Man Charged in 'Gone Girl' Kidnapping Case Police Thought Was a Hoax
The details of the kidnapping were similar to the plot of 'Gone Girl,' and police initially didn't believe the victims.
A disbarred Harvard-educated lawyer was charged with kidnapping a California woman who said attackers broke into her home, took her and held her for ransom, a twist that came months after police called the abduction a hoax.
Federal prosecutors charged Matthew Muller of Orangevale, California, with kidnapping last month after he was arrested in a separate home-invasion robbery in the San Francisco Bay Area that had similarities to the abduction, the FBI said in an affidavit unsealed Monday.
It comes after Vallejo police discounted the story by Denise Huskins and her boyfriend, Aaron Quinn.
He reported that kidnappers broke into the couple's home on March 23, abducted Huskins and demanded $8,500. Quinn's lawyers have said he woke to a bright light in his face and that two kidnappers bound and drugged him.

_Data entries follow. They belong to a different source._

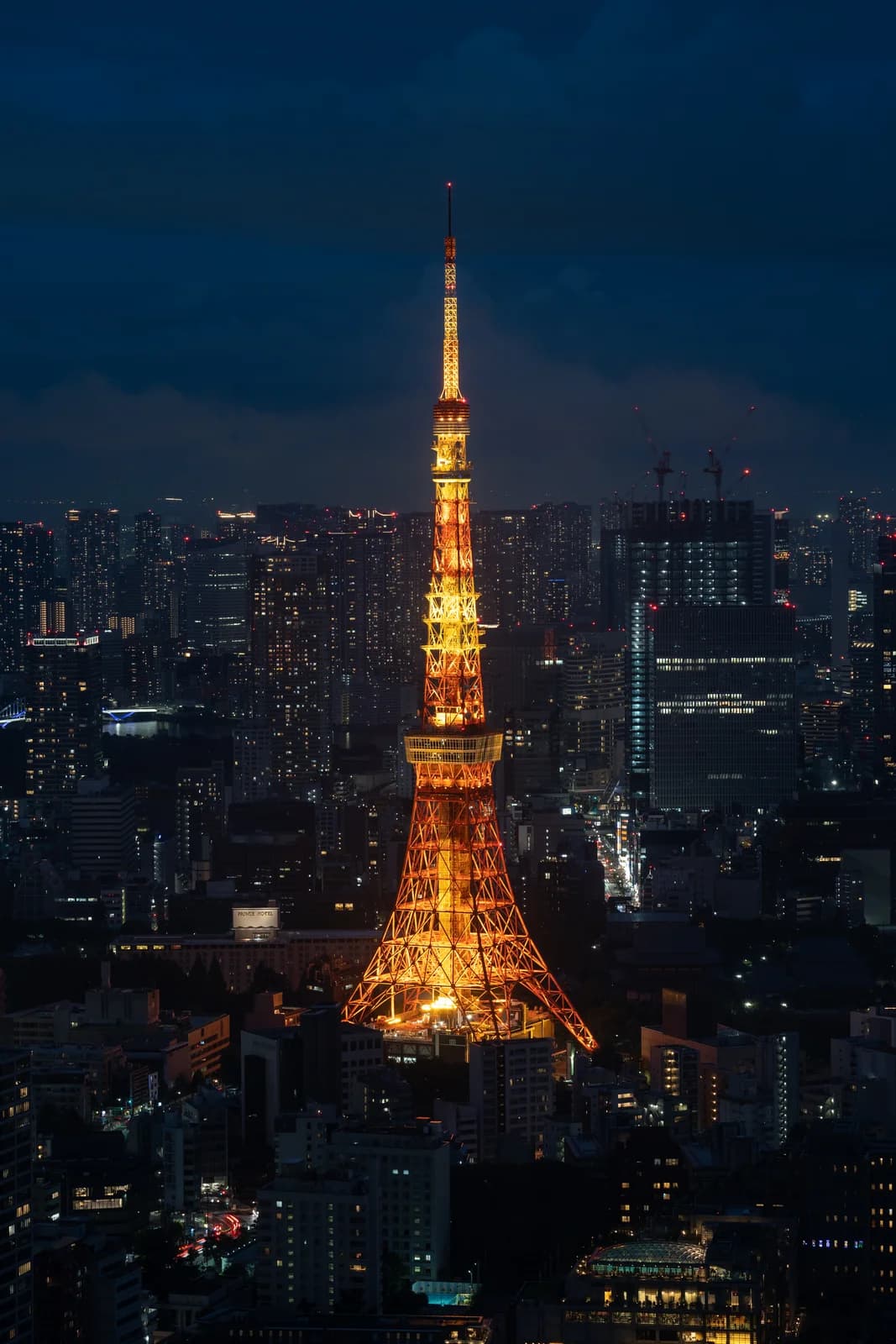 Tour de Tokyo illuminée en orange de nuit, dominant le skyline de la ville avec ses gratte-ciel éclairés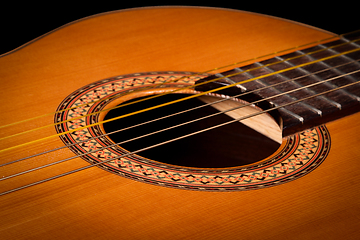 Image showing Classical guitar close up on dark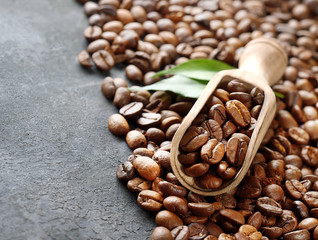 Coffee beans and an  wooden scoop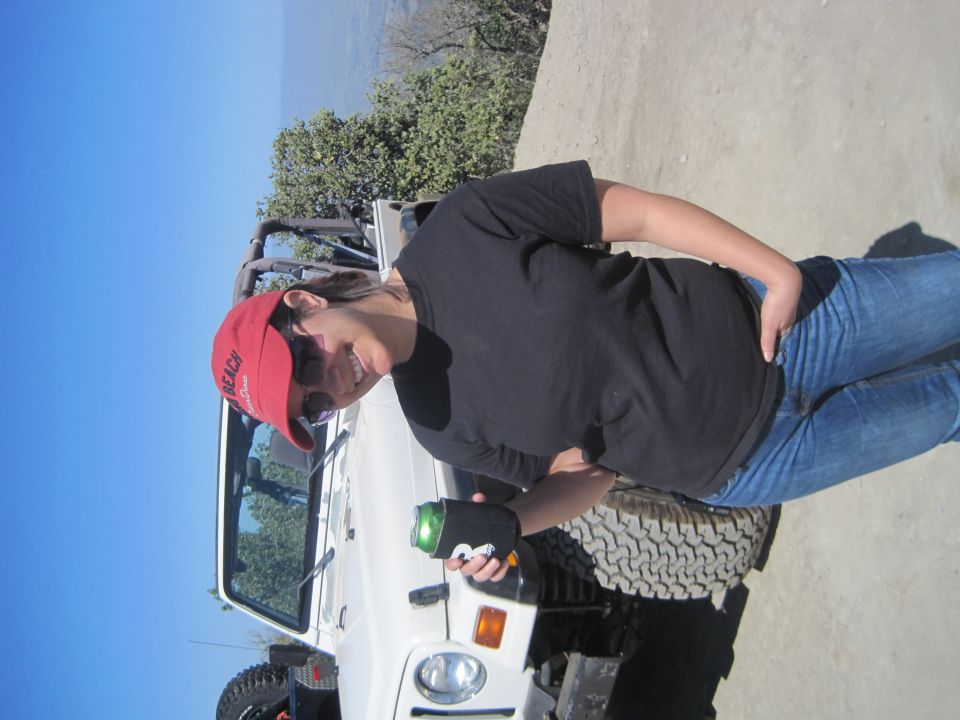 White Jeep Wrangler with a woman in a red hat and black shirt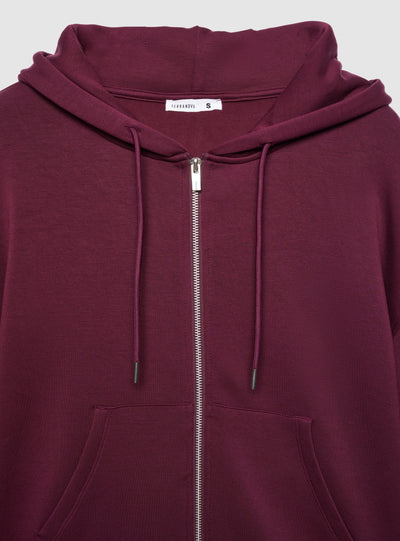 Felpa over con zip e cappuccio a tinta unita
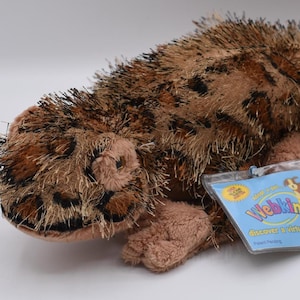 Peut inclure: Une peluche de gecko léopard avec des taches marron et noires, une longue queue et une étiquette « Webkinz ». Le jouet est fait d'une matière douce et floue, avec un ventre et des pattes brun clair.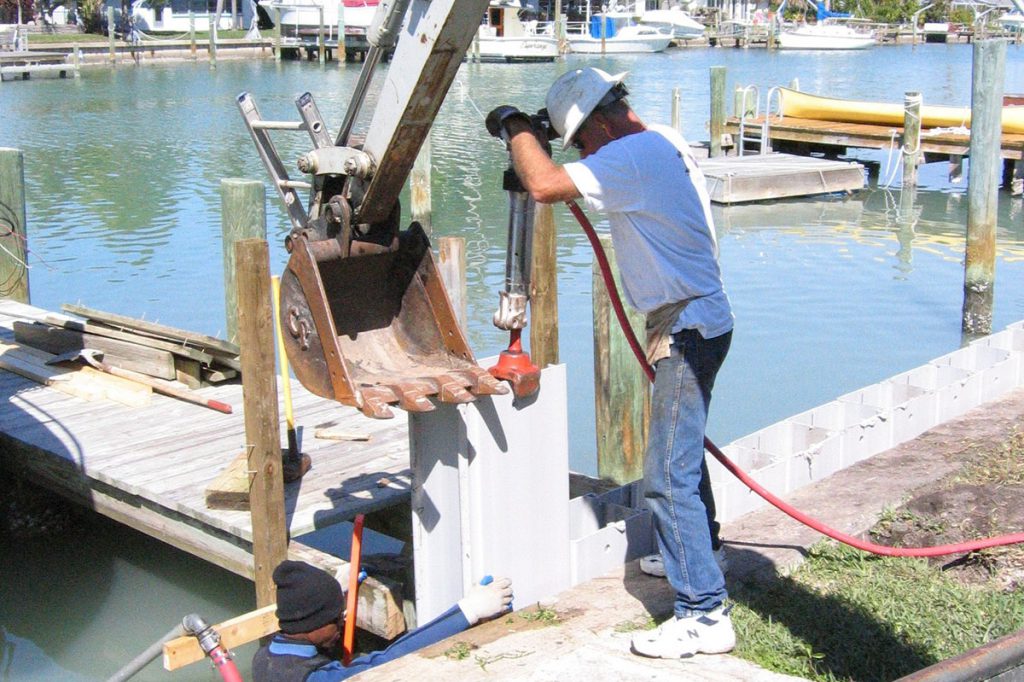 Truline seawall construction jack hammer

Huskins, 29, turned up safe two days later in her hometown of Huntington Beach, where she says she was dropped off. She showed up hours before the ransom was due.
That day, Vallejo police called the kidnapping a hoax. They have since declined to comment on the case other than to say they continue to investigate. Calls to the agency were not immediately returned Monday.
Huskins and Quinn appeared at a news conference but didn't talk to the media as their lawyers blasted investigators, asking that authorities set the record straight and apologize to the couple.
"What I want is for the Vallejo PD to do their job," said Quinn's lawyer, Daniel Russo. "Go out, find out if there are other guys out there and make sure that next time this happens, they think before they talk."
Huskins' lawyer, Douglas Rappaport, said his client will avoid commenting on the case to preserve the integrity of the prosecution. The teary-eyed couple held hands tightly and hugged before leaving.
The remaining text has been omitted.